Sharply directed by Ann Filmer on a set that was designed to be very “white” (Grant Sabin) we find that the theater, one that is normally three sided, is now two and while they do lose some seats, it is understandable that the only way that The GreenHouse works is as they have designed this set- for the actors and the sight lines. The lighting(Charles Cooper), Costumes( Janice Pytel),Sound (Christopher Kriz) and props(Jesse Gaffney) are the icing on the cake along with some slick choreography by Mindy Meyers.
Getting back to the story, Ruhl takes us on an adventure in reality. We all seek perfection. Either in our family lives, our careers or our careers. In this story, the perfect joke can end it all for Ana who is suffering from Cancer and will die.Rather than destroy those in her life, she is willing to die laughing, hearing the perfect joke so she can die with a smile on her face. I will not tell you much more so not to ruin the special evening that Remy Bumppo has planned for you. They say that laughter is the best medicine for what ails you. I truly believe this to be the case, and this production will give you a great dose of good feeling. The cast is sheer perfection and under Filmer’s direction, this may just be the most enjoyable one hour and forty five minutes of magical comedy you will have. There are some moments when Spanish is the language spoken and that is okay. We never miss a beat with the delightful Ms da Cunha and Ms Alvarez dong Spanish, and for my money, Ms Armour is the absolute perfect Virginia.
“The Clean House” will continue at The Greenhouse Theater Center located at 2257 N. Lincoln Avenue through January 11th with performances as follows:
Thursdays-Saturdays at 7:30 p.m. and Sundays at 2:30 p.m.
December 17th and January 7th, there will be Wednesday performances at 7:30 p.m.
also on Friday, December 26th Saturday December 27th and Thursday, January 1st, there will be 2:30 p.m. performances.

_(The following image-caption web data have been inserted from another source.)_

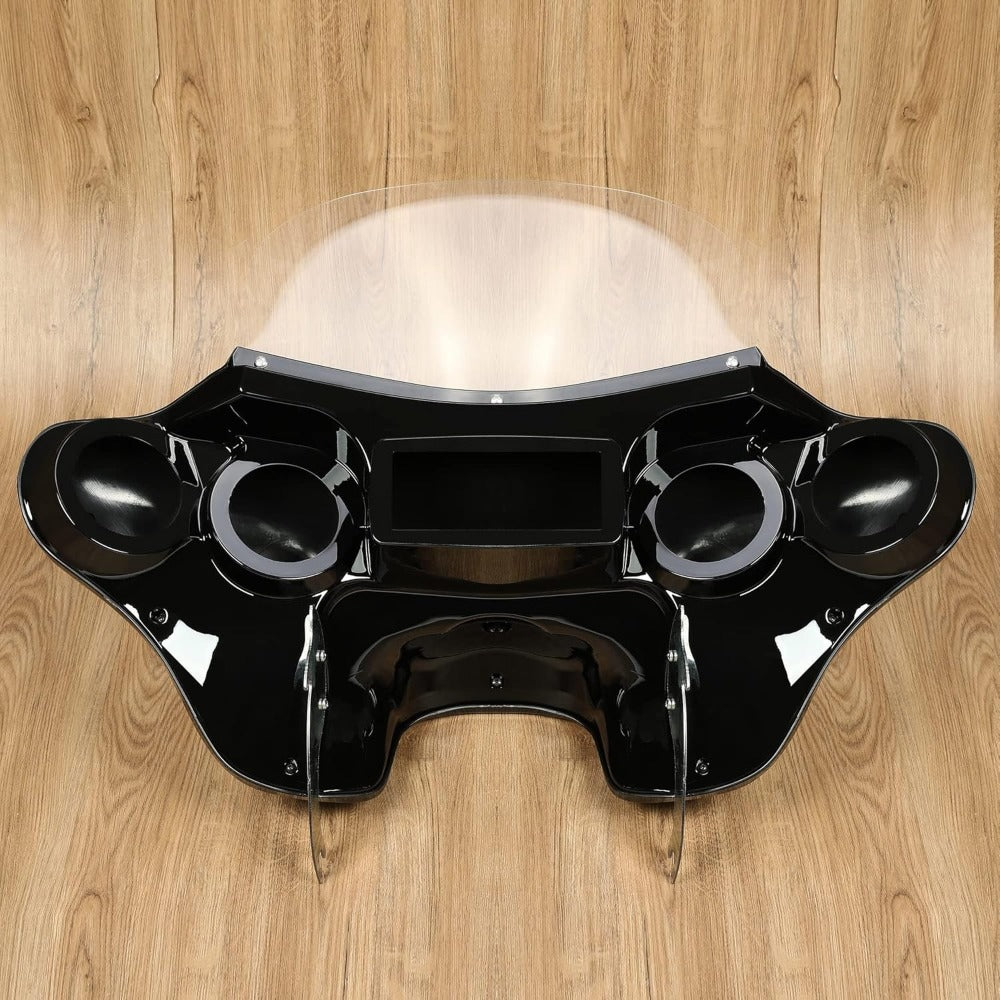 Front Fairing Compatible with 1986-2015 for Davidson Heritage Softail Fat Boy Deluxe Outer Bat Wing w/Clear Windshield 4 Speaker Mount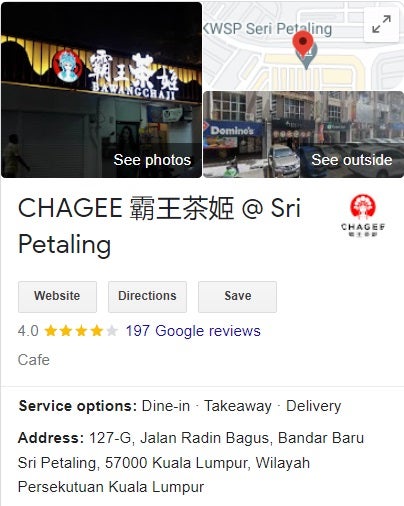 bawangchaji chagee sri petaling address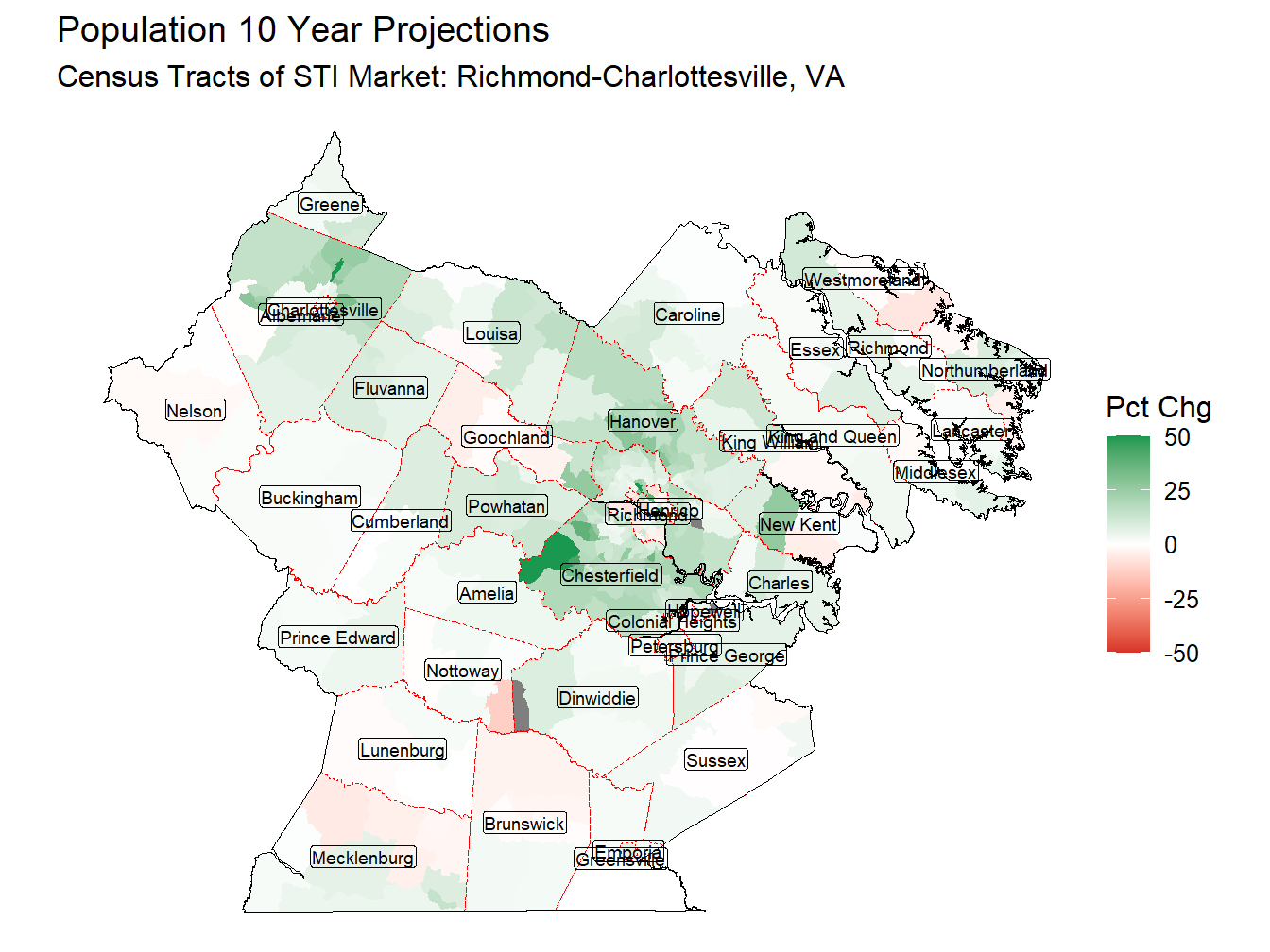 10 Year Percentage Change Thematic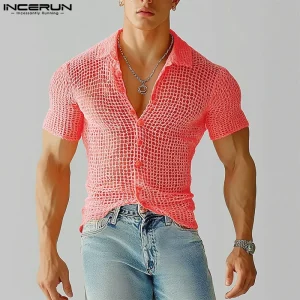 INCERUN Men Shirt Hollow Out Mesh See Through Lapel Short Sleeve Sexy Summer Male Shirts Streetwear 2025 Fashion Unisex Tops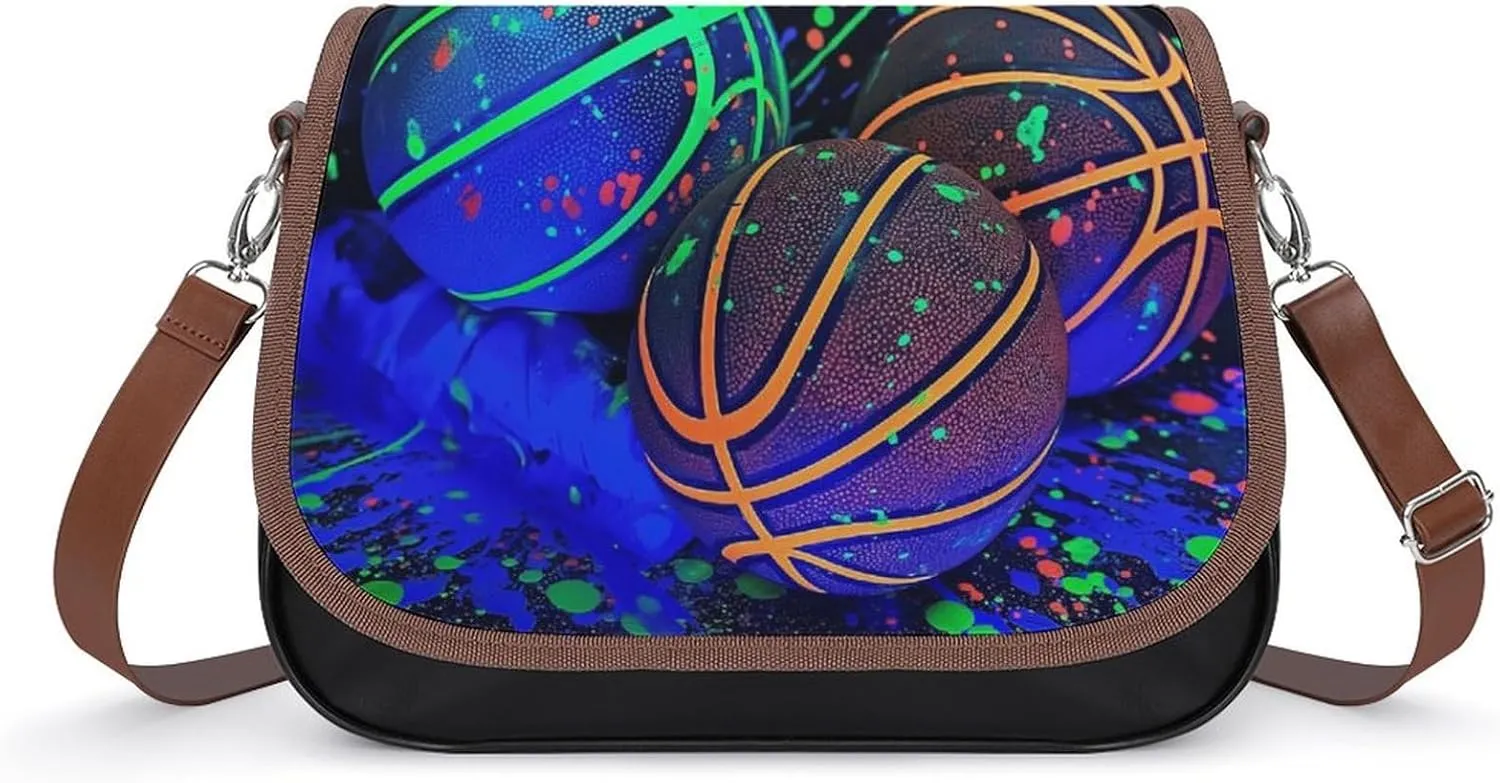 Women's Handbag Basketball Print Satchel Bag Leather Crossbody Bag Waterproof Messenger Bag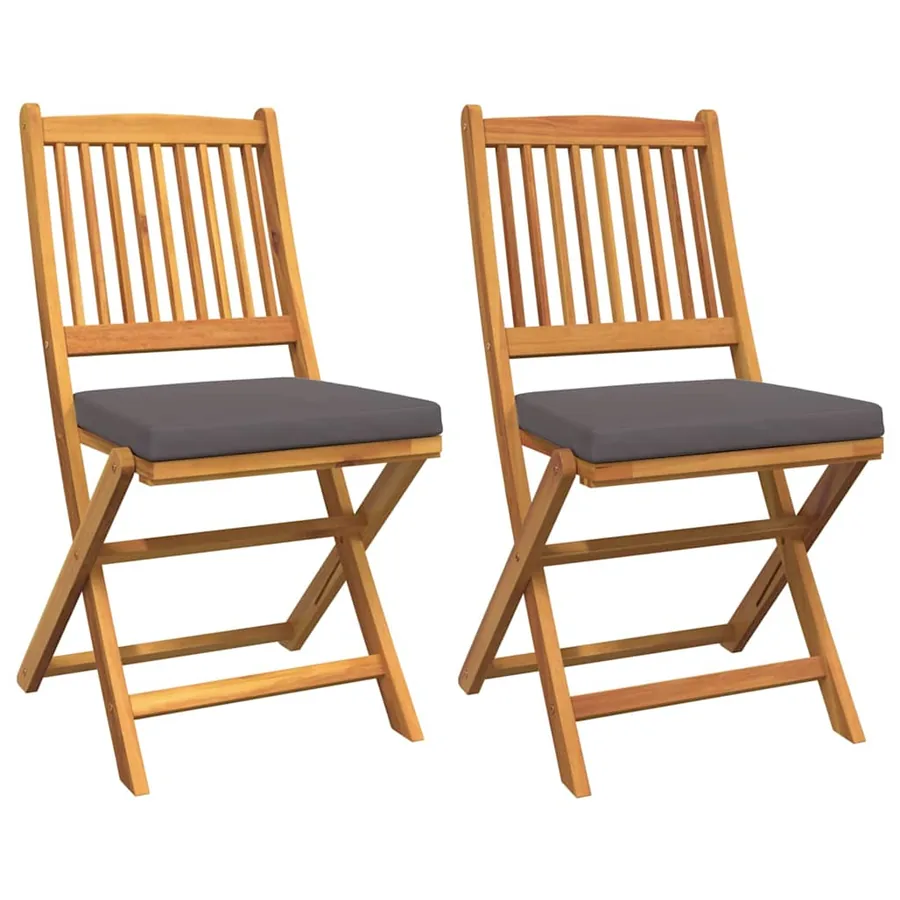 Chaise pliante avec coussin 2 pcs Marron Bois d'acacia massif - 2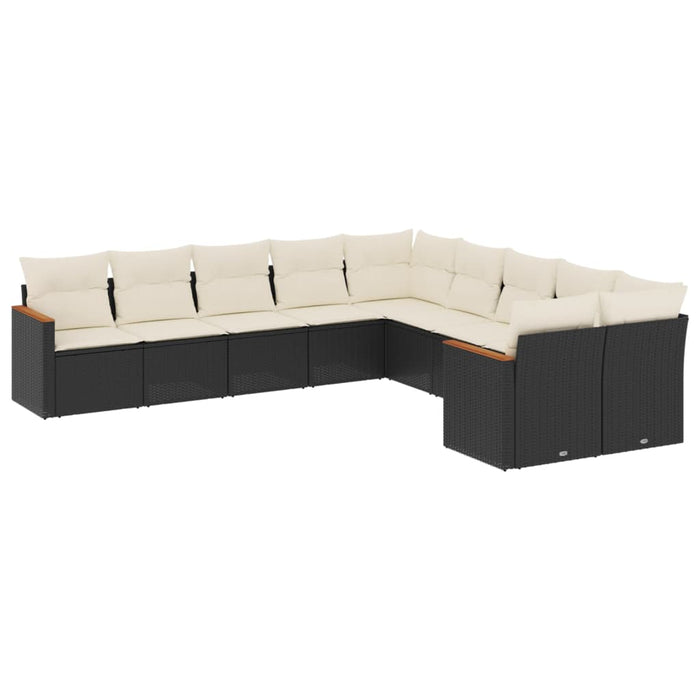 Set canapele de grădină cu perne, 10 piese, negru, poliratan - WALTI WALTI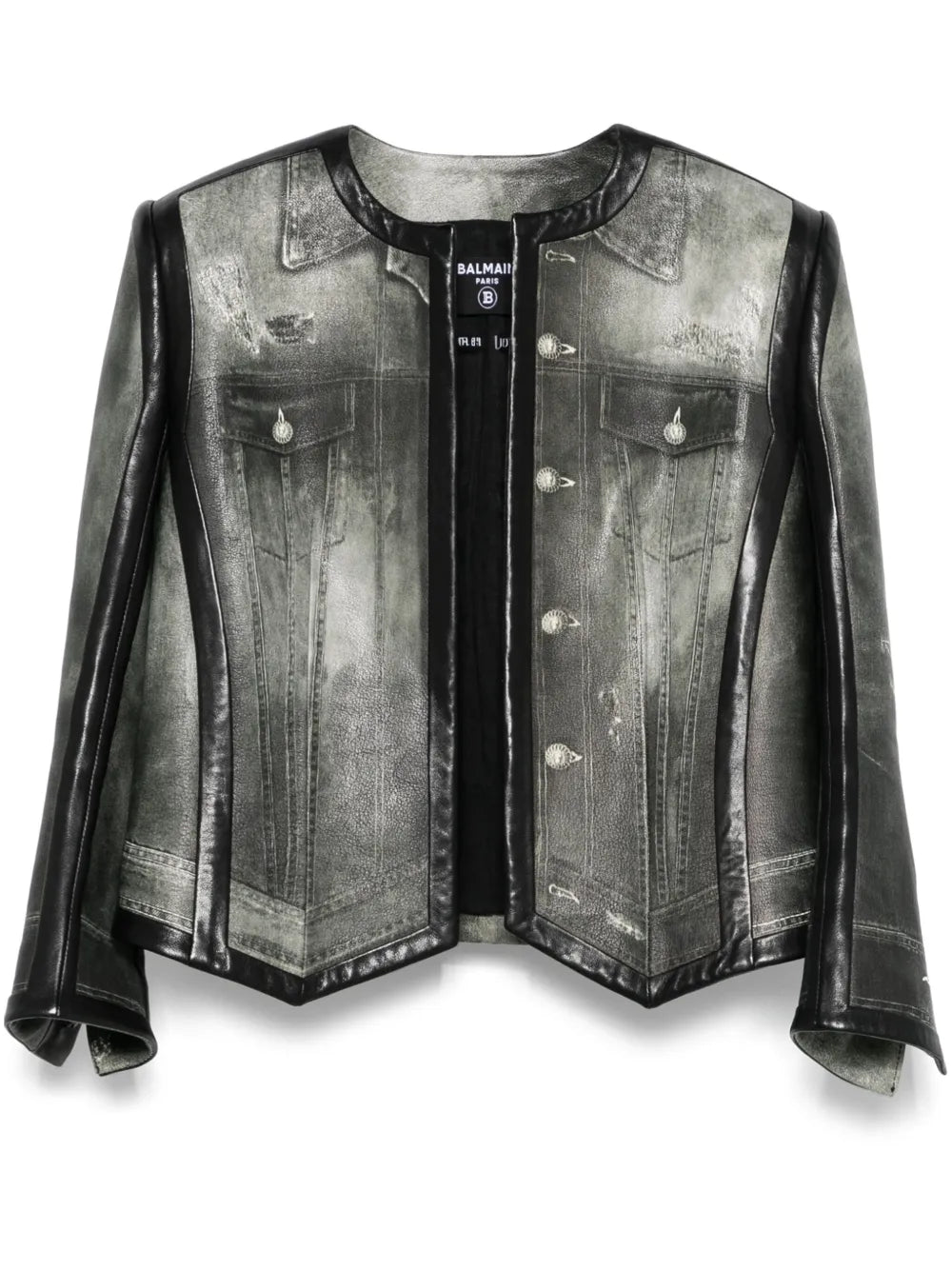 Denim-Print Leather Jacket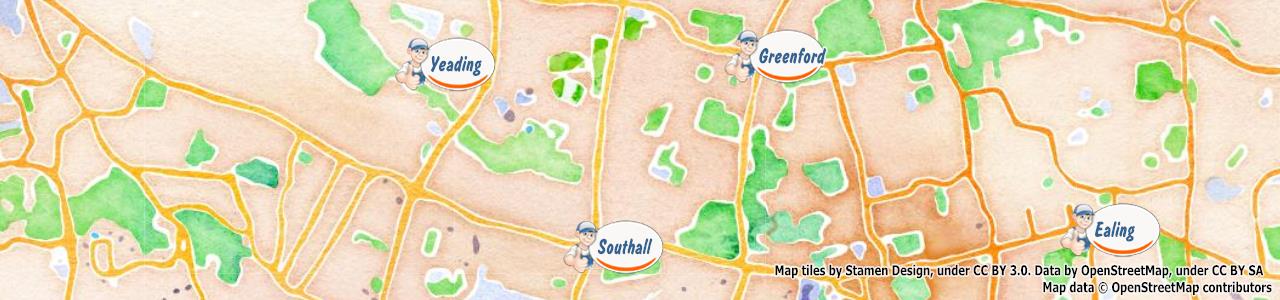 Service area map showing Happy Drains coverage across West London (W1)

Tickets range from $42.50 to $57.50 and as always student tickets are a mere $15. To purchase them, visit the box office, call 773-244-8119 or online www.RemyBumppo.org.
There is parking on the street, some metered, some not, but there are some zones and construction areas, so you might want to take advantage of the Children’s Memorial garage just North of the theater. there are 100 FREE spaces, first come first served.